Children and teens led nervous rabbits with names like Princess Anna and Booty over a series of obstacles today at the Westmoreland Fair in front of a crowd of dozens of people.
It’s called rabbit ability, and not only is it cute — it’s very popular in Pennsylvania.
That’s according to Hannah Smith, a teen leader at the fair who judged the rabbit agility competition this afternoon. Smith got her start in rabbit agility at a competition held by the Pennsylvania State Rabbit Breeders Association, which has a yearly convention.
“It was an awesome experience,” she said. “Pa. is one of the top states for rabbit hopping right now. It’s kind of an honor to hold.”
The Incline observed more than a dozen rabbits make their way over 12 obstacles over an hour period. Here’s some of what we learned.
- You should not clap at a rabbit agility competition. It can be super tempting, but don’t do it. Rabbits are skittish.
- Rabbits lose points if they knock over a jump, handlers lose points if they have to physically carry their rabbit over the obstacle or if they step on the course.
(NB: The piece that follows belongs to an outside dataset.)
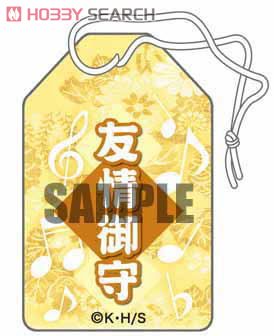 けいおん！」 お守り 「田井中律」-友情御守- (キャラクターグッズ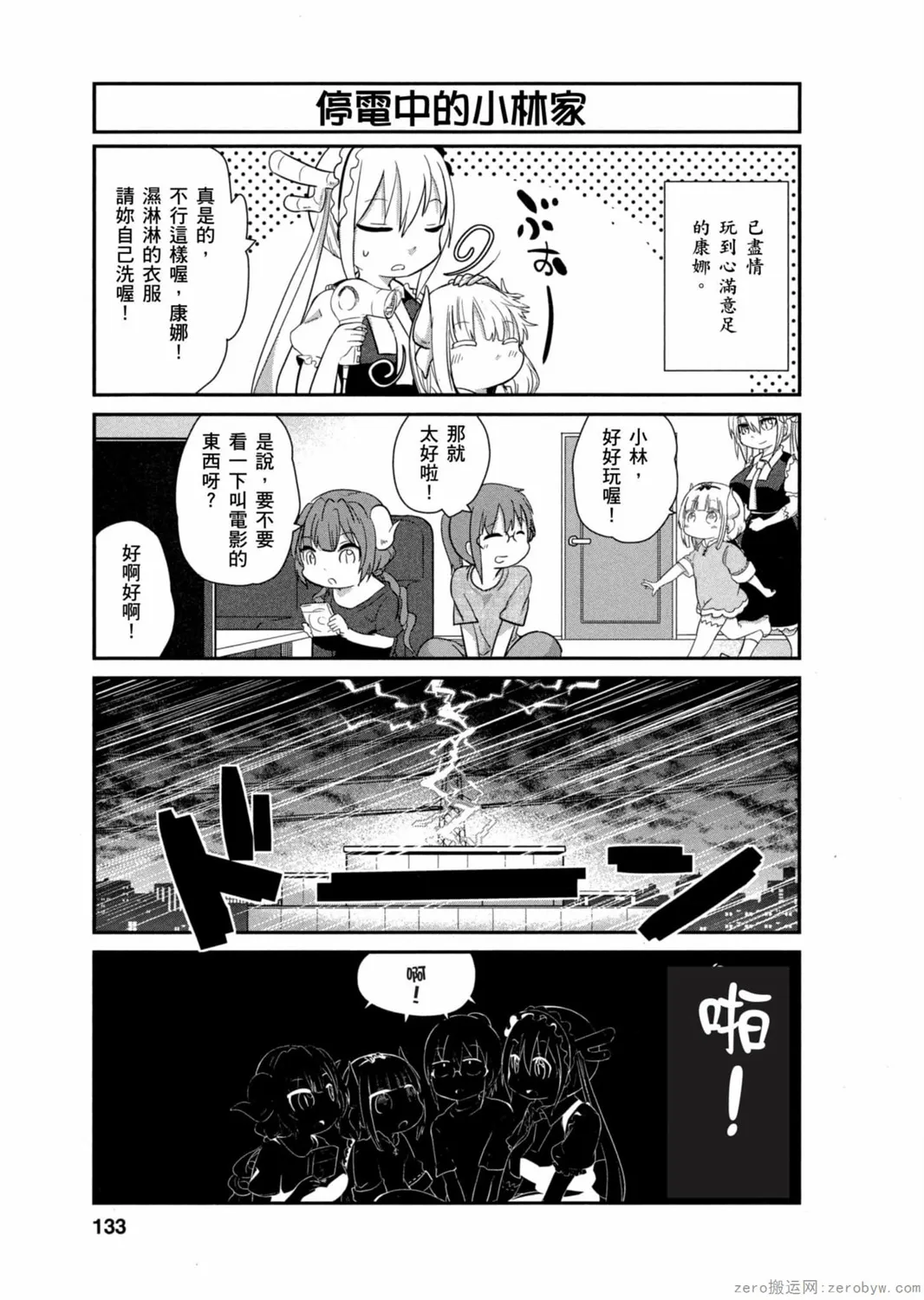 第03卷 第132页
Handlers can, however, give bunnies a little tap on the behind to get them hopping.
- Not every type of bunny can hop competitively. While there were several types of rabbits represented Thursday, rabbit superintendent Michelle Forry said English Lops can’t because of their long ears (which can reach up to 21 inches). Flemish Giants are similarly unfit for competition because of the potential for back injuries.
- Rabbits of any age can learn how to hop competitively, but Smith said it’s easier to start with a younger rabbit. She recommended five months old as a good starting point.
- Training involves getting a rabbit used to going over jumps and wearing a harness, Smith said. The next step: taking the rabbit out in public so they can relax (as much as a rabbit can) around people. “You’ve got to get them used to the element,” Smith said.